Si la campagne de Novo Nordisk, fabricant de l’anti-obésité Wegovy, reste relativement discrète en France, une action similaire a suscité des remous en Espagne. Le ministère espagnol de la Santé a demandé le 19 juin des éclaircissements au laboratoire, estimant que certains contenus en ligne pourraient enfreindre l’interdiction de promotion des médicaments soumis à prescription.

Au printemps, le laboratoire américain Eli Lilly, fabricant du Mounjaro — un autre médicament de la classe des analogues GLP-1 —, a lancé en France une campagne d’affichage intitulée «L’obésité, c’est un truc de malade», dans plusieurs grandes villes. L’objectif affiché est de faire reconnaître l’obésité comme une maladie chronique et de rappeler les bons usages de ces traitements favorisant la perte de poids en imitant une hormone digestive.

Aucune de ces campagnes ne fait explicitement référence aux médicaments commercialisés.

«Responsabilité de l’annonceur»

«Une communication institutionnelle à l’initiative d’un laboratoire, portant par exemple un message de prévention ou d’information sur les maladies, en l’absence de toute référence à un produit vendu qu’il commercialise, n’apparaît pas contraire aux règles en vigueur», explique Stéphane Martin, directeur général de l’Autorité de régulation professionnelle de la publicité (ARPP).

«Il relève ensuite de la responsabilité de l’annonceur de l’opportunité de diffusion d’une telle communication au regard du contexte», ajoute-t-il.

Ce contexte est délicat. Ces nouveaux médicaments, qui peuvent réduire en moyenne de 15 % à 20 % le poids des patients, suscitent un fort intérêt. Depuis le 23 juin, tout médecin en France peut en prescrire dans un cadre strict, tandis que les industriels ont engagé des démarches pour obtenir leur remboursement par l’Assurance maladie.

«Un certain nombre de manœuvres ont déjà été engagées bien avant cette campagne de publicité» de Novo Nordisk, dénonce Christian Guy-Coichard, président du Formindep, association luttant contre les conflits d’intérêts dans la santé.

Il cite notamment plusieurs visites gouvernementales sur le site du groupe à Chartres, dont une fin mai dernier où le patron du laboratoire pour la France a plaidé, en présence des ministres Catherine Vautrin, Yannick Neuder et Marc Ferracci, pour un élargissement du droit de prescription aux généralistes.

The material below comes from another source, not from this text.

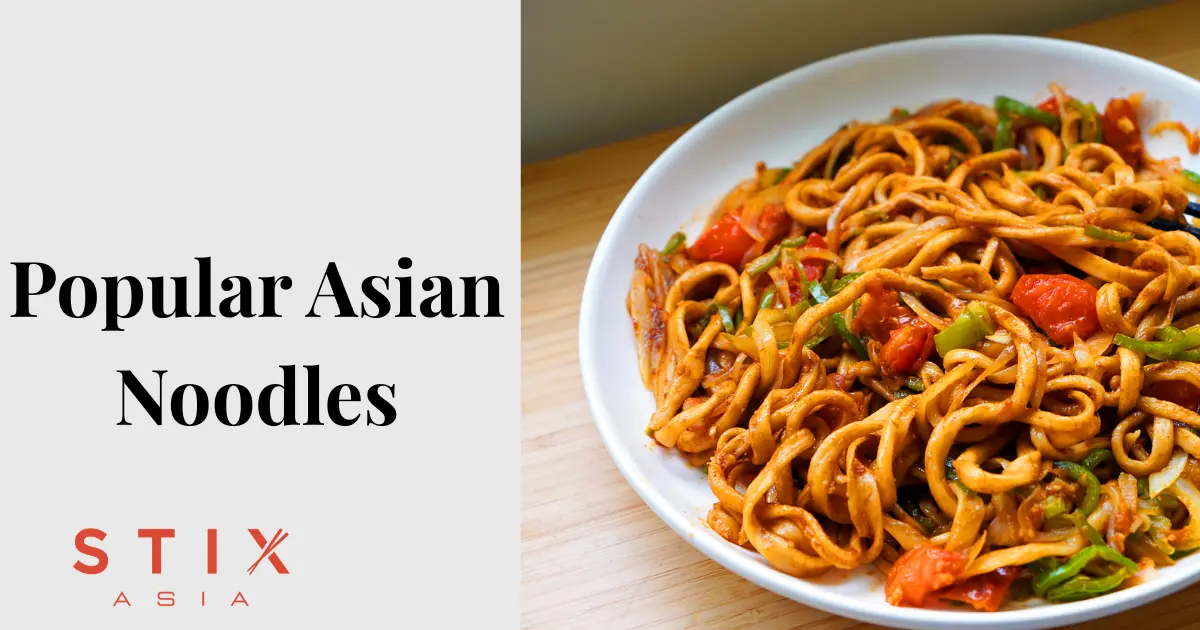 Popular Asian Noodles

Interrogé par l’AFP, le ministère de la Santé n’a pas souhaité commenter cette campagne.

«Campagne problématique»

«Ce qui rend cette campagne encore plus problématique», selon Christian Guy-Coichard, «c’est que la seule réponse proposée aux problèmes de l’obésité (hors chirurgie) est le médicament. Il n’y a aucune réponse de prévention», alors que le plan obésité gouvernemental est attendu en septembre.

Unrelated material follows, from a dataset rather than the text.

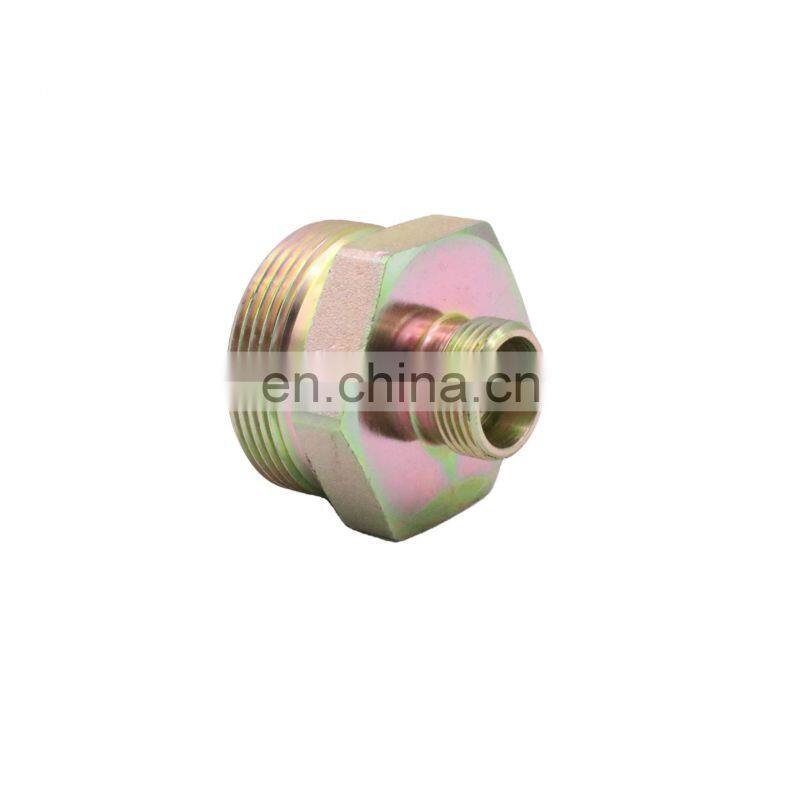 Straight Female Brass Union Fitting High Standard Straight Pipe Fittings Different Types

«Le laboratoire force progressivement l’ampleur de la prescription par tous les moyens possibles», juge ce praticien hospitalier retraité.

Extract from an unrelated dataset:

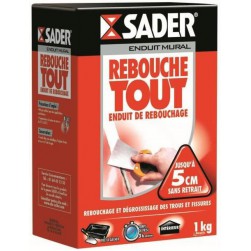 Enduit Rebouche Tout Sader 1kg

«Ils incitent clairement à la prise en charge, ce qui n’était pas le cas jusqu’ici», abonde Audrey Vaugrente, journaliste santé chez UFC-Que Choisir.

«Ce n’est pas anodin non plus d’aller voir des villes identifiées comme très actives sur la prévention de l’obésité», pour des partenariats sur des actions de prévention, comme Novo Nordisk l’a fait avec Strasbourg, souligne-t-elle.

Devenue l’une des entreprises les plus valorisées au monde, Novo Nordisk a récemment dévoilé une étude estimant le coût médico-économique de l’obésité «à près de 20 milliards d’euros par an».

«S’ils arrivent à démontrer que leur traitement réduit les coûts de prise en charge associés à l’obésité, c’est un peu le jackpot pour eux», conclut Audrey Vaugrente.